Author(s): Kim Herzig, Sascha Just, Andreas Zeller
Venue: International Conference on Software Engineering
Date: 2013

Type of Experiement: Quasi-Controlled Experiment
Sample Size: 7000
Class/Experience Level: Graduate Student
Participant Selection: Classwork
Data Collection Method: Project Artifact(s)


Herzig et al. provide a detailed description of the process by which they manually classified 7401 issue reports spanning 5 open source java projects. The process involved a two-stage evaluation, in which each issue was inspected by two evaluators. If the evaluators issue classification (bug, rfe, impr, doc, refac, other) conflicted, a third joint-inspection was conducted by both original evaluators. This effort alone was significant -- averaging about 4 minutes per issue report, and totaling 725 hours (90 working days).

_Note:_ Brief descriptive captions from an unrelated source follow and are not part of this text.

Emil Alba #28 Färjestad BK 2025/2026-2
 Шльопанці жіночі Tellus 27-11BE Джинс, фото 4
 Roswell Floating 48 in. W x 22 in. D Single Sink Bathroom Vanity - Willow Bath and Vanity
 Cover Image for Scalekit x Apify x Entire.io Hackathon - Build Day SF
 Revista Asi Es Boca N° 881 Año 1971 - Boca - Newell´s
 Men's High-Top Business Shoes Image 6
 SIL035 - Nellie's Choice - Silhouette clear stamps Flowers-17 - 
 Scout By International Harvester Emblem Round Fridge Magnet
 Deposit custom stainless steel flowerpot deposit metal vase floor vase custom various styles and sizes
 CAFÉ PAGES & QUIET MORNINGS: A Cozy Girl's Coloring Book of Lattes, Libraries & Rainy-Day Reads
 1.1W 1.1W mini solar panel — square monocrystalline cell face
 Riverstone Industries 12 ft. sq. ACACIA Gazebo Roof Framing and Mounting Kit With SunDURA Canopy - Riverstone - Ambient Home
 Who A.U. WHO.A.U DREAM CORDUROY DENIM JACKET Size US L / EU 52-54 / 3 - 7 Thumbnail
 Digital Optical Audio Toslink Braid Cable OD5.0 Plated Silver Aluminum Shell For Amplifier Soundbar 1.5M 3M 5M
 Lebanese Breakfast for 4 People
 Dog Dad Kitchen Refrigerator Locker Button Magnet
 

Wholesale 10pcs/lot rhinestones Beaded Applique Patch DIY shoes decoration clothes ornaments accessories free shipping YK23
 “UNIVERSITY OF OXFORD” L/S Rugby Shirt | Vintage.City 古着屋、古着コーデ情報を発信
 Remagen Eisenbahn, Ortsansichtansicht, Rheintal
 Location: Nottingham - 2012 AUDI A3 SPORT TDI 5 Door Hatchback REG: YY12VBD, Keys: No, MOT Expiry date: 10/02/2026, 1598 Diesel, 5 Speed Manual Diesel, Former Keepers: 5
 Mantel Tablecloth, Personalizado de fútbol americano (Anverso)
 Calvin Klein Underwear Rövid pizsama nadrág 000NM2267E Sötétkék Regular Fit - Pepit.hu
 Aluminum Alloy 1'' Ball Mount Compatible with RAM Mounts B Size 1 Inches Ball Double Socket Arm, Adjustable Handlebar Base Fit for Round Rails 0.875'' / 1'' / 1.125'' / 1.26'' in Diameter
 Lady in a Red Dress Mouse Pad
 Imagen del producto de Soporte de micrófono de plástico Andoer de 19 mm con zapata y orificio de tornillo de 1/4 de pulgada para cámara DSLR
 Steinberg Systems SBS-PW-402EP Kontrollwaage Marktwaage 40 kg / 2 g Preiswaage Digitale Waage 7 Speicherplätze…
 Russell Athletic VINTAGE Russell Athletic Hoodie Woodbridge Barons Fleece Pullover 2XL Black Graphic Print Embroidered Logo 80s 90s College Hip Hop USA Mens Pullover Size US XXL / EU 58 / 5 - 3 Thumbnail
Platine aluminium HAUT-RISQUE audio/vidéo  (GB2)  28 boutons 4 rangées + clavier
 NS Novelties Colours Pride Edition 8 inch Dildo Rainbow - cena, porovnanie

From this effort, Herzig et al. was able to make some substantial claims (that may or may not invalidate large bodies of previous work). In general, report classifications are unreliable (from open source projects) -- more than 40% of issue reports are incorrectly classified (e.g. labeled as bug when it's actually feature). More than 30% of bug reports are not actually bugs. More importantly, the errors associated with classifying issue reports affects software defect prediction: 39% of files marked as defective actually never had a bug, and between 16-40% of the predicted top 10% of error prone files do not actually belong in this category.

All future research into SDP should seriously consider the implications of this paper. If you must use open source projects, you will likely need to conduct some sort of manual verification of issue reports, otherwise your results will likely be questionable.